It's never gonna happen unless I do it now

So one thing that's been hanging around in my mailbox for (checks mailbox) good God, three weeks now is an exchange I had with Jess Males (aka Hefeweizen on IRC, which is a damn good name). He wrote to me about my Infrastructure Code Testing BoF, and asked:

I don't see notes to this effect, so I'll ask: what's the difference between monitoning and test-driven infrastructure? Monitoring started as a way to tell us that the infrastructure we need is available and operating as expected. Test-driven infrastructure serves the role of verifying that the environment we're describing (in code) is being implemented, and thus, operating as expected. Those sound awfully similar to me. Is there a nuance that flies over my head?

Before I insert my uninformed opinions, I'll point you to an excellent article from this year's SysAdvent by Yvonne Lam called How To Talk About Monitors, Tests, and Diagnostics. But if you're still interested, here goes...

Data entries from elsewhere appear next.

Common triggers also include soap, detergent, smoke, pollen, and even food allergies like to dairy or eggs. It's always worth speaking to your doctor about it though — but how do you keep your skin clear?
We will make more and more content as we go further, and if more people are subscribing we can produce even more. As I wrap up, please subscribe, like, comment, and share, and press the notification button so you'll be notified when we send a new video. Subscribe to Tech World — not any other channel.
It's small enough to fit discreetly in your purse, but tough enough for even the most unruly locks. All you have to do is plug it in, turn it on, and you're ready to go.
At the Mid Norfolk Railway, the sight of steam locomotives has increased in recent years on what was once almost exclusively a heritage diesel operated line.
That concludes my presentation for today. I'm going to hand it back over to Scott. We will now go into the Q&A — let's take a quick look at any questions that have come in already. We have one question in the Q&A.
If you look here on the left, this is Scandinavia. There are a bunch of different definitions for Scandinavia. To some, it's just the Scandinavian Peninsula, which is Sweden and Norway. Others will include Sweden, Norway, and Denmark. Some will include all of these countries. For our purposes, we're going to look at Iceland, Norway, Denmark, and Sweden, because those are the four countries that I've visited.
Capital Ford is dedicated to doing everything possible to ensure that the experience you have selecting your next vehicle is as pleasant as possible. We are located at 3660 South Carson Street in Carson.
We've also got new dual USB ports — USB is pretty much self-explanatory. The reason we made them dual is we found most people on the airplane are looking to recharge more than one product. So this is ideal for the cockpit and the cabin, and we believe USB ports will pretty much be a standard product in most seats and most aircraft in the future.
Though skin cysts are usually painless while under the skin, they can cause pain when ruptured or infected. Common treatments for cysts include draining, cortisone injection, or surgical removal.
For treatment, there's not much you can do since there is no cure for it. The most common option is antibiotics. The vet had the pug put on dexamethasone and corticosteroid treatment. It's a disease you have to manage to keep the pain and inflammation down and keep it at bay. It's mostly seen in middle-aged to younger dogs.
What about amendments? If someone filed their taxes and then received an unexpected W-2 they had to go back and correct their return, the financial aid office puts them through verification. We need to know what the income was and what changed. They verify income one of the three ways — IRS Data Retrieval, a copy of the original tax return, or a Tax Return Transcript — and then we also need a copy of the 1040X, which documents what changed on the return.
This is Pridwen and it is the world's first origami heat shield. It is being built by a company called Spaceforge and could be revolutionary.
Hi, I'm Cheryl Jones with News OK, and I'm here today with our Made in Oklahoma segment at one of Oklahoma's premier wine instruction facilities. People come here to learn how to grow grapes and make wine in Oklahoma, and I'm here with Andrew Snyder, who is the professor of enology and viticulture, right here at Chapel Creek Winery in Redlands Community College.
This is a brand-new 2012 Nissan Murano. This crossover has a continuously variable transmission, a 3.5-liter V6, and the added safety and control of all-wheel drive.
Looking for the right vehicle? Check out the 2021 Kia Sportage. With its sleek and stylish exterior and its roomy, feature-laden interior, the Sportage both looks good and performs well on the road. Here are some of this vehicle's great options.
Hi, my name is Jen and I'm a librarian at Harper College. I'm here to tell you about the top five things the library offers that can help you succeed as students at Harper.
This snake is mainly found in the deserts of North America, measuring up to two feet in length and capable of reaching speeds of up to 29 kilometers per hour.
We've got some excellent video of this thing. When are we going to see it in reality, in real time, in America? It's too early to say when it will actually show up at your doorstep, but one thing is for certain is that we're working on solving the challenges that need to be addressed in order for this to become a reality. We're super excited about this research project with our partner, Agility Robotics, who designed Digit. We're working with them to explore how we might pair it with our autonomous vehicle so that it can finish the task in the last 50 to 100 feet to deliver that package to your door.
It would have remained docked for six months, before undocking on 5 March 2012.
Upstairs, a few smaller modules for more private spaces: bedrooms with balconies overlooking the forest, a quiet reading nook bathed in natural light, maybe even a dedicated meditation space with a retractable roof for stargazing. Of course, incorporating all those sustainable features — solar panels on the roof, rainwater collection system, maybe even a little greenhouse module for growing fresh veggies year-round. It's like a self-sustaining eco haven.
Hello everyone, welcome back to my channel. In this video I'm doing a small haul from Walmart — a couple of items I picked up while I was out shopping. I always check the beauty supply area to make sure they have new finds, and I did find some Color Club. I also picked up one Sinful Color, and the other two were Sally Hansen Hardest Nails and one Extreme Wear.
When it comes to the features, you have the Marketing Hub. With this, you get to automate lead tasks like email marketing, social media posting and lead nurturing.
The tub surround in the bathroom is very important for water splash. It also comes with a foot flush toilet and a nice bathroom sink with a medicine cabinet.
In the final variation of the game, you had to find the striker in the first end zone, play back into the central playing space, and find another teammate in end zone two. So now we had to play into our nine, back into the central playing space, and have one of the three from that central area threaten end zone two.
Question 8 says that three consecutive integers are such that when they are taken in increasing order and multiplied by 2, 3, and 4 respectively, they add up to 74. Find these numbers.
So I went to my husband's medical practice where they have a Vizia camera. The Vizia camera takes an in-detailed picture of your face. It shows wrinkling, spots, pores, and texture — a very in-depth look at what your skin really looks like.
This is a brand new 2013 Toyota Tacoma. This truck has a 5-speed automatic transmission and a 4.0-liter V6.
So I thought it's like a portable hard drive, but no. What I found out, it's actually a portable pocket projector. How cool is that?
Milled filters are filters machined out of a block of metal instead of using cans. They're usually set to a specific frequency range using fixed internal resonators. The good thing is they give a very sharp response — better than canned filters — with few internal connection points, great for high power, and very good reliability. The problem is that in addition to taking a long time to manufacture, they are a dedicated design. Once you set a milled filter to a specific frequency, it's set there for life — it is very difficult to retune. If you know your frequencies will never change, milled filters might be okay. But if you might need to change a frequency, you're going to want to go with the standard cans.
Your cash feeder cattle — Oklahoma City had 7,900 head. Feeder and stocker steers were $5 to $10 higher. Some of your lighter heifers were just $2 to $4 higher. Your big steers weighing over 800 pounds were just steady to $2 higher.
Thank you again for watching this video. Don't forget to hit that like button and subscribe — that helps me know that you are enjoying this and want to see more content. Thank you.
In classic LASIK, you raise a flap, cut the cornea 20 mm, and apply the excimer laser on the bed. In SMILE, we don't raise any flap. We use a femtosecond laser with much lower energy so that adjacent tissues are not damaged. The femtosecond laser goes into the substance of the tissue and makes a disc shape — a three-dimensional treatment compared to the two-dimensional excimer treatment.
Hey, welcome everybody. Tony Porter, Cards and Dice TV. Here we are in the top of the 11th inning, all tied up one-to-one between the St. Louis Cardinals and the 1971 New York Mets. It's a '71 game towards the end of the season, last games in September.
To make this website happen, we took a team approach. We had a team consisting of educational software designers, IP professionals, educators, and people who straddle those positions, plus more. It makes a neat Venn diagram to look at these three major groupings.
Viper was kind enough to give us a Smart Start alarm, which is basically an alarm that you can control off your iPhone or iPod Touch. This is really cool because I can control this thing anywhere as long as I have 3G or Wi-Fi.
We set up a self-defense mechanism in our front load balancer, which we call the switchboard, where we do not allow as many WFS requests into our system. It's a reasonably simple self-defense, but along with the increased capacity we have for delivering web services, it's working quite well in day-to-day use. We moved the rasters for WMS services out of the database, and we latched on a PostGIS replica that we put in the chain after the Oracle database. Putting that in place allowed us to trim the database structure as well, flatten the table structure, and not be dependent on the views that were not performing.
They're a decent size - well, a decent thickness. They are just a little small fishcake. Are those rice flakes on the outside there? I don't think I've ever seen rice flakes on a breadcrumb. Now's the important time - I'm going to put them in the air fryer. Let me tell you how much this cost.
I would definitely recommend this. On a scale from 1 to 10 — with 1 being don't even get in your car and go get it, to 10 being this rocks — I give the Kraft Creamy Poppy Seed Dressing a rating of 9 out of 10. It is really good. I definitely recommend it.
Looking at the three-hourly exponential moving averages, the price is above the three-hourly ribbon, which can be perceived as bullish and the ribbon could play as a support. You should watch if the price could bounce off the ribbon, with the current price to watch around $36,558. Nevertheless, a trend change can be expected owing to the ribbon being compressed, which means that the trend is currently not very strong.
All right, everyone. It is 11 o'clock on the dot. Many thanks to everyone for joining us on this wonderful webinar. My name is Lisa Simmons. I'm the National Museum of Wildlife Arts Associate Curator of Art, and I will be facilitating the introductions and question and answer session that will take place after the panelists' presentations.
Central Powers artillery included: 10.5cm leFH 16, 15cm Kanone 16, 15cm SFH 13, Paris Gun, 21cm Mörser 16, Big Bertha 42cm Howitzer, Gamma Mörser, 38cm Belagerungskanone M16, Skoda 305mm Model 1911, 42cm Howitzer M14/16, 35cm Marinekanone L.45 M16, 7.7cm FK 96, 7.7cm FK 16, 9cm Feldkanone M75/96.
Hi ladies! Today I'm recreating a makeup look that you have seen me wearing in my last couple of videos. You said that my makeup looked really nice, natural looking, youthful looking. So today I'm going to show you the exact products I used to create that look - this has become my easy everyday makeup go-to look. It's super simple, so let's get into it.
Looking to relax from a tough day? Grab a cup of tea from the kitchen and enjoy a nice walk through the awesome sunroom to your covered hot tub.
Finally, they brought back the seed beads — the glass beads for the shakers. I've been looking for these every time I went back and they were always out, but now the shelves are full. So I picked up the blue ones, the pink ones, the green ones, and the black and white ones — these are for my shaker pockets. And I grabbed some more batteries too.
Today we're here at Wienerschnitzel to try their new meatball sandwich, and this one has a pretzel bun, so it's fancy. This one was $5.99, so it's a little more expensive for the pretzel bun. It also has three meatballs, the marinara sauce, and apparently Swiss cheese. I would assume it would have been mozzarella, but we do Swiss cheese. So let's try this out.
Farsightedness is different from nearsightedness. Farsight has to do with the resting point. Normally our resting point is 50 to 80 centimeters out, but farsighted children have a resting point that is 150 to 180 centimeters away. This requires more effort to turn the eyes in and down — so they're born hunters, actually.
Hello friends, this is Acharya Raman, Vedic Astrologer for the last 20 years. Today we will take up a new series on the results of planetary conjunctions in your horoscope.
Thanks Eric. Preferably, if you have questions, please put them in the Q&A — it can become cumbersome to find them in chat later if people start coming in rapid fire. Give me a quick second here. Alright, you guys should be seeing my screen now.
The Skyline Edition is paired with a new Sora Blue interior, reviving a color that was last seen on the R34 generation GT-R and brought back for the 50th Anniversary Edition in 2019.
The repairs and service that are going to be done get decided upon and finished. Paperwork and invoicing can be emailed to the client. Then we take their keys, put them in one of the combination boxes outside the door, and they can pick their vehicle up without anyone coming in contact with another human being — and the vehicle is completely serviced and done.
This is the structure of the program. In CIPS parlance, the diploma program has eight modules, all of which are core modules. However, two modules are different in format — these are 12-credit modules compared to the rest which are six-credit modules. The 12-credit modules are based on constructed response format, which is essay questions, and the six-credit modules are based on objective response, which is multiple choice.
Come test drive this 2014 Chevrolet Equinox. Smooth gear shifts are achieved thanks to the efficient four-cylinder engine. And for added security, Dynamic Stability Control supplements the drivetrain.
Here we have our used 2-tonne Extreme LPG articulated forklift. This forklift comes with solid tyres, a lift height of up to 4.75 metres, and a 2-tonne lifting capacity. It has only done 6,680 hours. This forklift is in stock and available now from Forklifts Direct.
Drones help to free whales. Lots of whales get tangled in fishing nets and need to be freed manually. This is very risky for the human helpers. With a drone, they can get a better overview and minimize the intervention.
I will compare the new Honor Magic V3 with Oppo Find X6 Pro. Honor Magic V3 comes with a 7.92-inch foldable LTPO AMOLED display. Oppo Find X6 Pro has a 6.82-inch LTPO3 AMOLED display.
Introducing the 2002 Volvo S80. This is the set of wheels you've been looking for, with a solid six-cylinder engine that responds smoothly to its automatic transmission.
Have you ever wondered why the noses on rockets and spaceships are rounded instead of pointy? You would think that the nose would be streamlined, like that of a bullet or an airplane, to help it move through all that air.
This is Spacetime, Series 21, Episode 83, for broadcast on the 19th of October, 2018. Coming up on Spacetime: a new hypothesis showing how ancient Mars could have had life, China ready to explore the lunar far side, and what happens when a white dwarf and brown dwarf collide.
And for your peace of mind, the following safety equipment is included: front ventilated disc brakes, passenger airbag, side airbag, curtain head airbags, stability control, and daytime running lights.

First, often (though not always) it's a pain in the ass to point already-existing monitoring at possibly ephemeral VMs, dev machines and the like. Just think of the pain involved in adding a new machine + a bunch of services AND remembering to disable alerts while you do so. Not to say it can't be done, just that it's a source of friction, which means it's less likely to be done.

Second, there are often times when we're building something new, and we don't have already-existing monitoring to point at it. Case in point: I recently set up RabbitMQ at work; this was new to us, and I was completely unfamiliar with it. The tests I added can go on to form the basis of new monitoring, but they emerged from my desire to get familiar with them.

Third, these tests were also about getting familiar with RabbitMQ (and Puppet, which is new to me), and doubtless there are some things in there that will not be needed for monitoring. These are valuable to have in testing, but don't always need to be kept around.

I fully stipulate that monitoring, as often implemented, falls woefully short of our ideal. More often than not, monitoring is a ping check or a port check. Our test driven environment should check for page load times or members behind a load-balancer, or &c. If what we really want are better, more accurate environment measuring, then know there's a refreshing reimagination of monitoring with #monitoringlove. If they're already marching in our direction, let's join ranks.

True story. I've shot myself in the foot more times than I care to remember by, for example, testing that port 80's open without checking the content coming back.

Now that I've said this, I think I start to answer my own question of TDI (test-driven infrastructure) vs monitoring. I begin to see these points: write the tests first (duh, devs have been saying this for years), and better test (monitoring artifacts) generation (ideally, automatic).

Test first: yes, particularly when starting with a new technology (see above re: RabbitMQ). Also, in theory you can rip stuff out and try something else in its place (think nginx vs Apache); if the tests still pass, you're golden. Still missing: Better test generation. jI'd love something that ate serverspec tests and spat out Nagios configs; even as a first draft of the tests, it'd be valuable.